**The data**:
◇ ◇ ◇ ◇ ◇

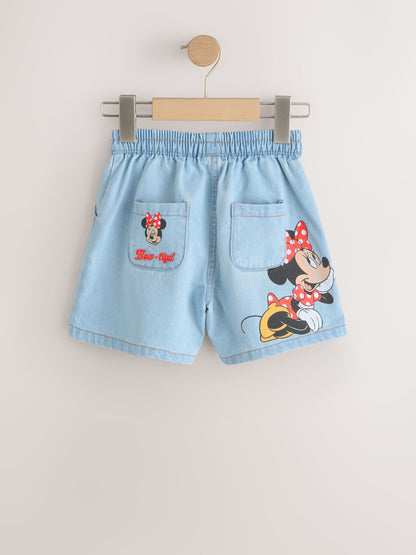 Dsiney Kidz - Disney Minnie Mouse Denim Pull On Denim Shorts (3mths-10yrs) image 5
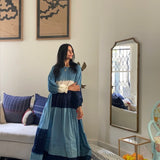SKY DRESS, BLUE / INDIGO COTTON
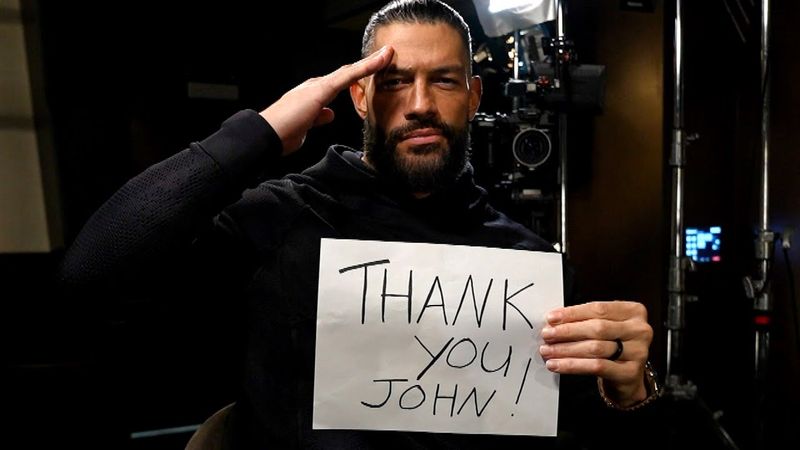 John Cena receives a heartfelt farewell from Roman Reigns, Brock Lesnar, CM Punk, Triple H and more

◇ ◇ ◇ ◇ ◇

Set down each line of the material exactly and skip every image.

 Dsiney Kidz - Disney Minnie Mouse Denim Pull On Denim Shorts (3mths-10yrs) image 5
SKY DRESS, BLUE / INDIGO COTTON
 John Cena receives a heartfelt farewell from Roman Reigns, Brock Lesnar, CM Punk, Triple H and more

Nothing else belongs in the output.